__Work instruction__.
Write out again the lines from the line with "M&uuml;tze mit Schleife BILLIEBLUSH" up to and including the line with "M&Auml;DCHEN", exactly as they stand below, and skip any picture.

__Task material__.
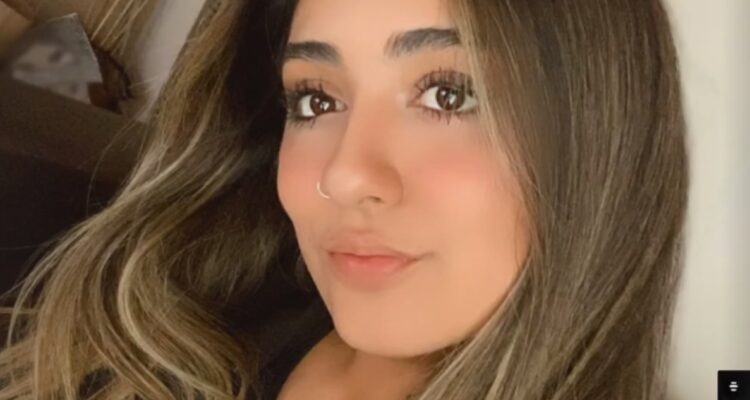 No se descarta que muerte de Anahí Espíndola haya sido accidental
...
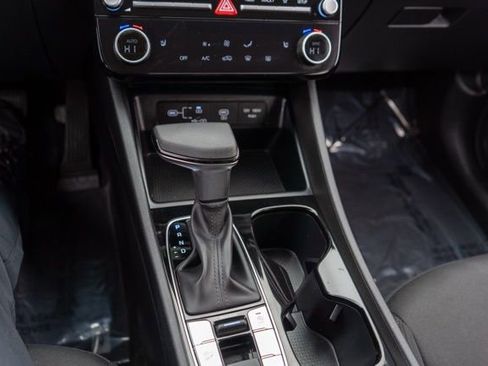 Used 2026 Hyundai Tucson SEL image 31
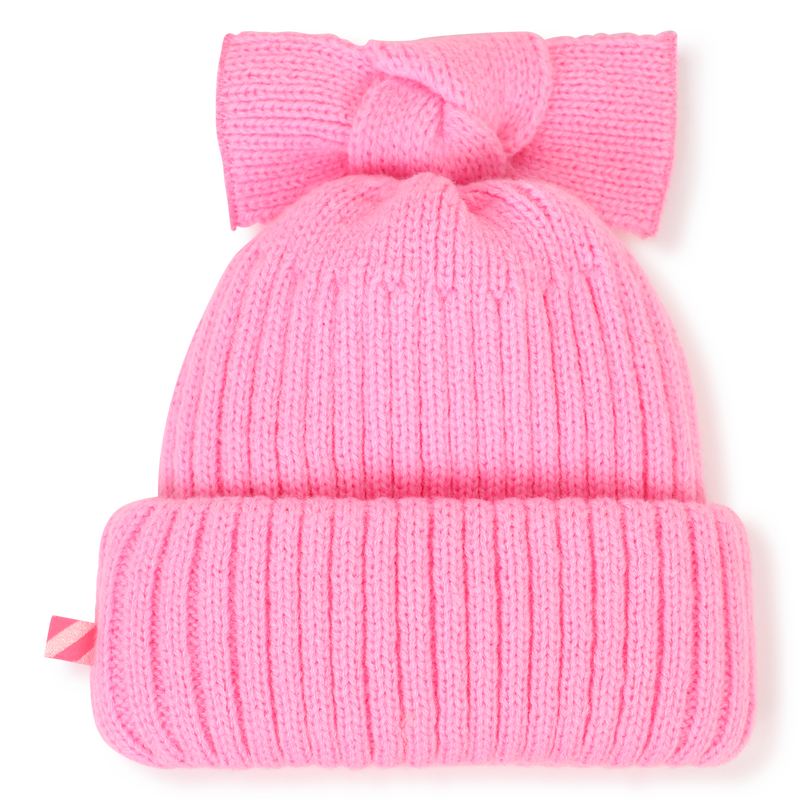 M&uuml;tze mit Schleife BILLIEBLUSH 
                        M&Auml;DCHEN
...
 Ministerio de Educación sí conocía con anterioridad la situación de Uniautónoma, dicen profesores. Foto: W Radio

__Response to the task__.
 M&uuml;tze mit Schleife BILLIEBLUSH 
                        M&Auml;DCHEN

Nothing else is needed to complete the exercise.